Bevor das Gesetz endgültig in Kraft treten kann, muss es noch von Bundespräsident Horst Köhler geprüft und unterschrieben werden. In der Länderkammer gab es am 18. März wie schon eine Woche zuvor im Bundestag eine breite Mehrheit für den zwischen Rot-Grün und Union ausgehandelten Kompromiss.

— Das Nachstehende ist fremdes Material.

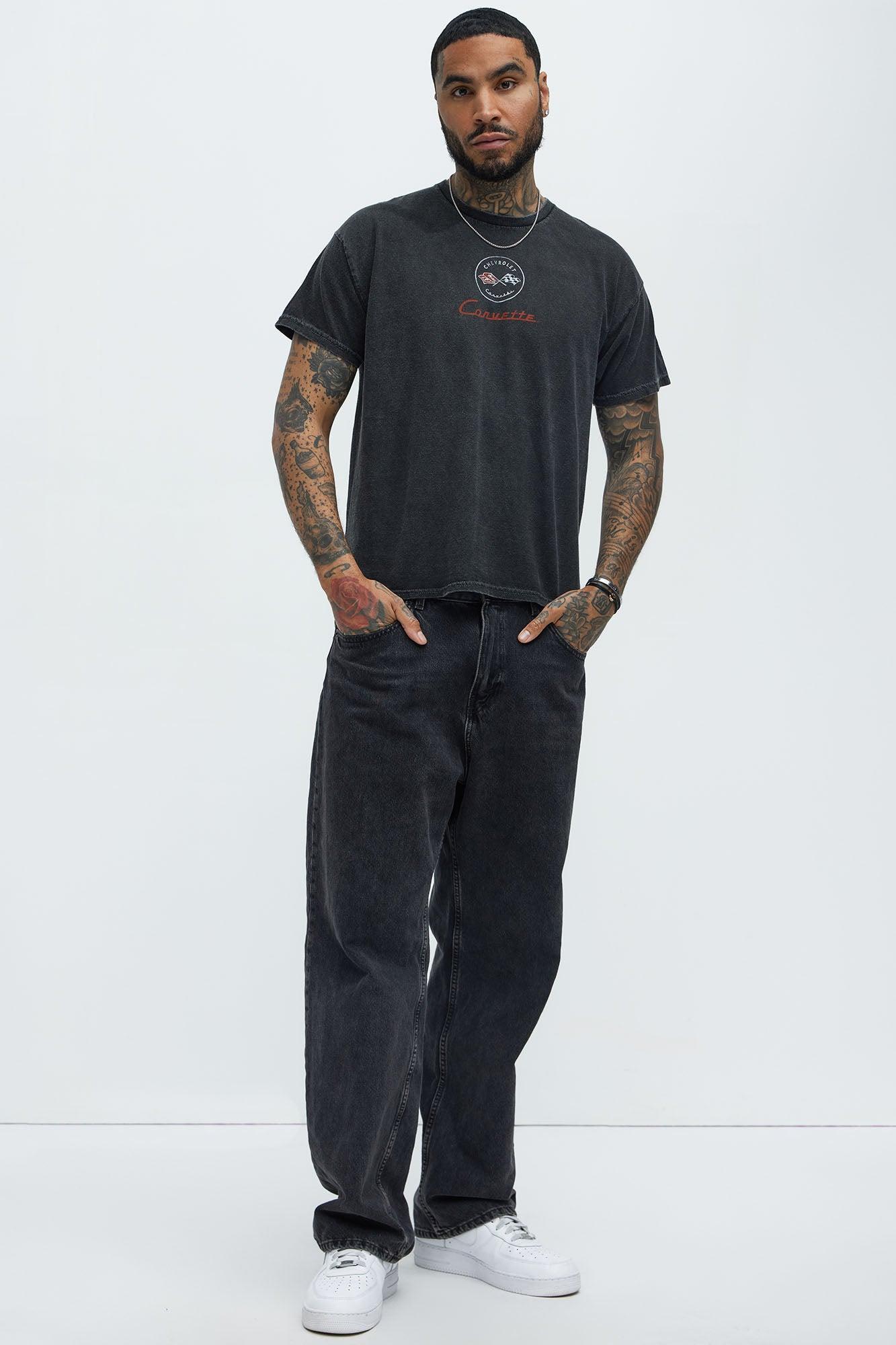 Chevy Corvette 10 Seconds Short Sleeve Tee - Black Product Image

Verfassungsrechtliche Bedenken hatte nur die FDP. Sie hält die Gesetzesverschärfungen für überflüssig. Sie erwartet Klagen vor dem Bundesverfassungsgericht, die dann nach ihrer Auffassung "eine sehr große Chance auf Erfolg" hätten. Ob die Verschärfung die gewünschte Wirkung hat, ist umstritten. Bayern räumte bereits im Bundestag Schwachpunkte ein. So seien für die Länder "historisch bedeutsame Orte" schwierig zu interpretieren. Das Bundesland ist besonders betroffen durch die jährlichen Neonazi- Aufmärsche in Wunsiedel. Dort ist der Hitler-Stellvertreter Rudolf Heß begraben. Im Strafgesetz wird der Volksverhetzungsparagraf 130 erweitert. Mit Freiheitsstrafe bis zu drei Jahren kann belegt werden, wer die Würde der Nazi-Opfer dadurch stört, dass er die NS-Gewaltherrschaft "billigt, verherrlicht oder rechtfertigt".

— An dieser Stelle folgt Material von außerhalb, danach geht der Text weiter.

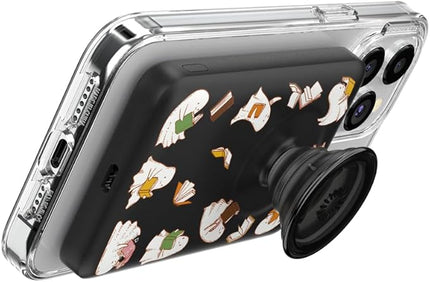 PopSockets PowerPack for MagSafe, Portable Phone Charger, Magnetic Wireless Portable Charger, 5000mAh, Halloween PopSocket - Spooky Book Club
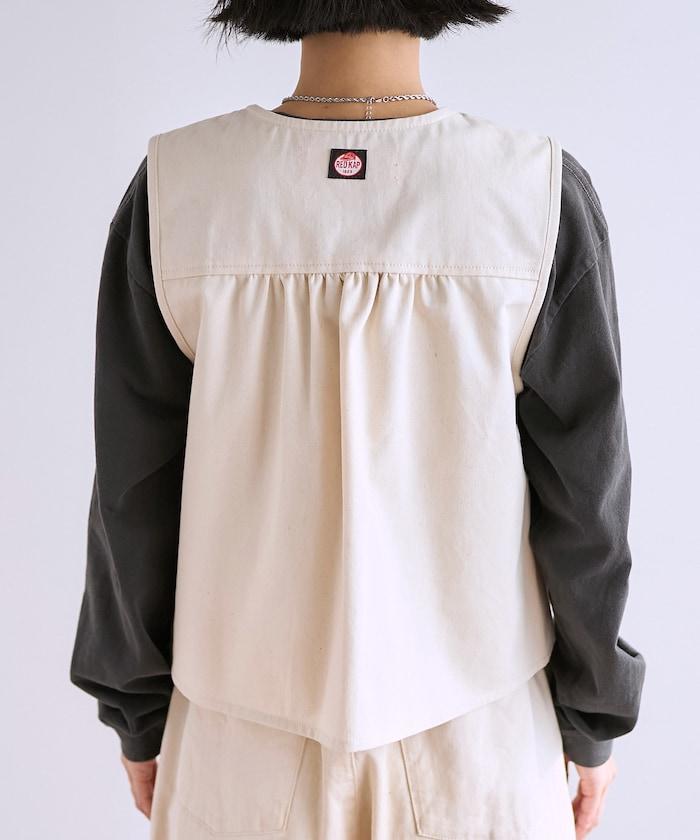 特別款後抽褶設計馬甲（可成套）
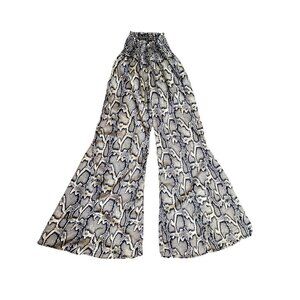 Show Me Your Mumu Animal Print Python Snake Skin Flare Palazzo Pants - Women’s S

Die deutschen Gerichte können nun endgültig ins Internet-Zeitalter starten. Der Bundesrat billigte weiterhin ein Gesetz, das in der Justiz die elektronische Aktenbearbeitung ermöglichen soll. Damit könnten in Zukunft nicht nur die Papierberge und die bekannten Aktenwagen in den deutschen Gerichten verschwinden. Es wird auch die Grundlage dafür geschaffen, dass Anwälte und Bürger Anträge oder Schriftsätze per Email bei den Gerichten einreichen können. Denkbar ist auch, dass Anwälte von der Kanzlei aus Akteneinsicht nehmen. Der stellvertretende Grünen-Fraktionsvorsitzende Hans- Christian Ströbele, selbst seit 40 Jahren Anwalt, hatte im Bundestag vor drei Wochen von einer "Revolution in der Justiz" gesprochen. Ob das Internet-Zeitalter aber tatsächlich beginnt, hängt davon ab, ob die Länder zunächst auch die technischen Voraussetzungen dafür schaffen. Dafür wären Millionen-Investitionen nötig. Rechtspolitiker der Bundestags-Fraktionen hatten bezweifelt, ob die Länder schnell die erforderlichen Mittel aufbringen werden.

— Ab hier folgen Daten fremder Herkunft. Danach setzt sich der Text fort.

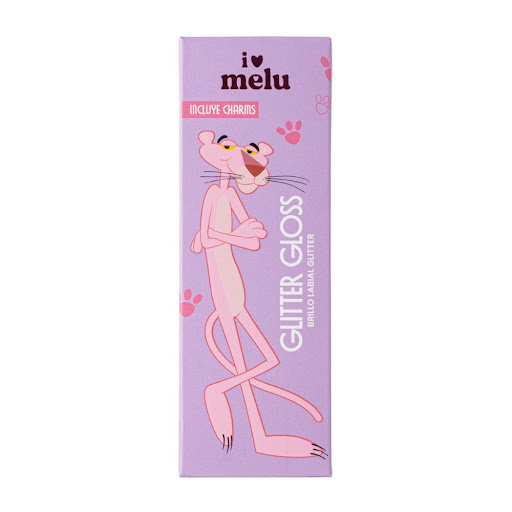 Glitter Gloss Melu Pantera Rosa Pink Glow Caja x 2,5 ml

Der Bundesrat ist zudem mehrheitlich gegen eine Umbenennung des Bundesgrenzschutzes in "Bundespolizei". Die Ländervertretung lehnte einen entsprechenden Gesetzentwurf der Bundesregierung mit dem Hinweis ab, dass keine nationale oder europäische Rechtslage diese Namensänderung verlange. Der Bundesrat kann dennoch die Umbenennung nicht verhindern, weil dies Bundessache ist.